When assume_abort_if_not is parsed as an Assume event, the family of benchmarks pthread_wmm/rfi005_X return PASS instead of FAIL.

xeren commented 3 years ago

assume_abort_if_not should be equivalent to assert instead of assume. See its definition in i.e. rfi005_tso.oepc.c:

void assume_abort_if_not(int cond) {
  if(!cond) {abort();}
}
hernanponcedeleon commented 3 years ago

I don't agree (or I'm missing something). The definition of assume_abort_if_not says that the program should abort execution if cond is false, however the program should NOT fail.

If we use assert and cond is false, the verification will fail.

xeren commented 3 years ago

The difference to __VERIFIER_assert is the missing call to reach_error(). I assume abort() is just meant to be non-returning, while otherwise unimportant to the verification.
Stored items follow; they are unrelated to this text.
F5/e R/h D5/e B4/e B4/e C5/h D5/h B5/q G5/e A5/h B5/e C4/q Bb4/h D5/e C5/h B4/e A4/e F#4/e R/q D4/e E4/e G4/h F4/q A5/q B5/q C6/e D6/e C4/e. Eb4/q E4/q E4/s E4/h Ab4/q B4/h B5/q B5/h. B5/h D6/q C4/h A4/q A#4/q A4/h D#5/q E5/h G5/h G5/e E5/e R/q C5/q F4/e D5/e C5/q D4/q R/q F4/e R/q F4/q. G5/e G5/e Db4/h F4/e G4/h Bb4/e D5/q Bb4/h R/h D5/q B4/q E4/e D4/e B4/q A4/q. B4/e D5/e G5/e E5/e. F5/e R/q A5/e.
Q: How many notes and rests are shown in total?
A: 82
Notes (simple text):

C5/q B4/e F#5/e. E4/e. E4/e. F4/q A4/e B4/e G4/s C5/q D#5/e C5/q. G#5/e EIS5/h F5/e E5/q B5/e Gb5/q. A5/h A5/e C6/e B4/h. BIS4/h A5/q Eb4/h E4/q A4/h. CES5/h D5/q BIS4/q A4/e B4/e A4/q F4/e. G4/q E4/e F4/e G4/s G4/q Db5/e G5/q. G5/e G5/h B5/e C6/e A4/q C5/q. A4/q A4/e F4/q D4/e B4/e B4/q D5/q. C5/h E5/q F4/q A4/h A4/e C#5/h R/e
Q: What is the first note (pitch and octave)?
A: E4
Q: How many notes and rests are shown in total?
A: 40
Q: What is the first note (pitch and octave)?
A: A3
void __VERIFIER_assert(int expression) { if (!expression) { ERROR: {reach_error();abort();} }; return; }
hernanponcedeleon commented 3 years ago

Here there is a description of problems that occurred in SVCOMP due to people understanding the semantics of __VERIFIER_Assume differently.

As I see it, the semantics of our Assume event is the one described in point 3 (@ThomasHaas can you confirm this?).

Since some old SVCOMP benchmarks might use __VERIFIER_assume but with the intended semantics being as the one of the implementation of assume_abort_if_not listed above, I don't think we should parse __VERIFIER_assume as an Assume event. The same could be problematic if someone comes of with some C code defining a function a __VERIFIER_assert with a different implementation, but I think has low probability.

I think the best would be to have DAT3M specific commands (e.g. __DAT3M_assume, __ DAT3M_assert and __ DAT3M_nondet_X) and list this in our README.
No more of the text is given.